> _Assignment_
The reply should hold every line of the data below, unchanged, and none of the pictures.
Supplied data: Begin
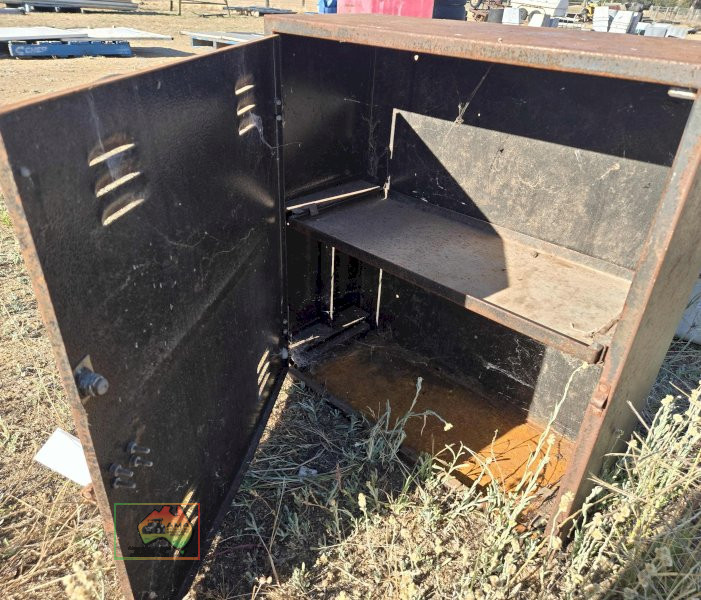 Workshop Cabinet 66x61x25 cm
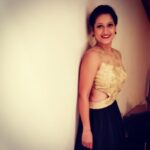 Laila Mehdin Instagram - #starvijayawards #tamilcinema Chennai, India
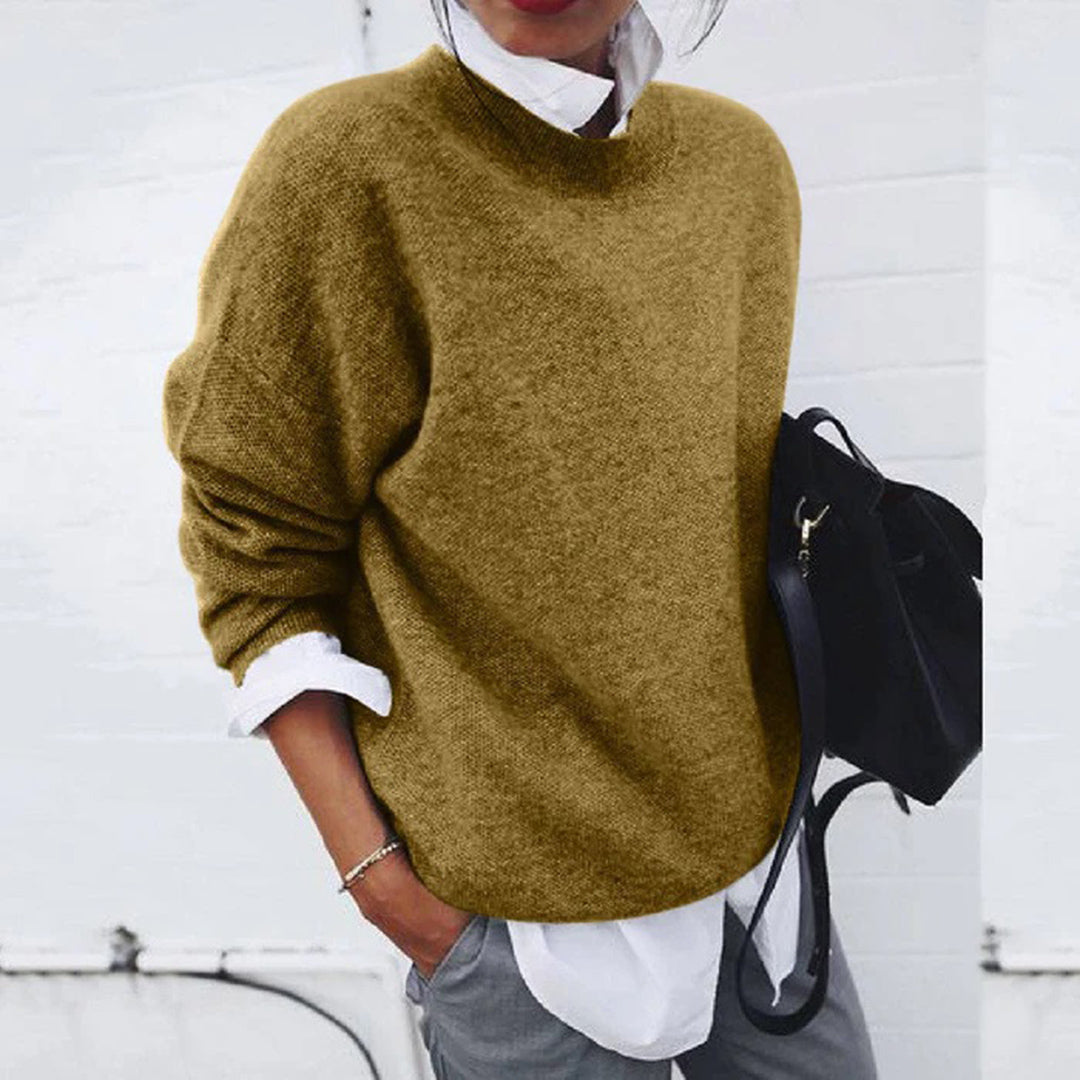 Myk ullgenser for menn - Magnus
Supplied data: End
> _Solved exercise_
 Workshop Cabinet 66x61x25 cm
 Laila Mehdin Instagram - #starvijayawards #tamilcinema Chennai, India
 Myk ullgenser for menn - Magnus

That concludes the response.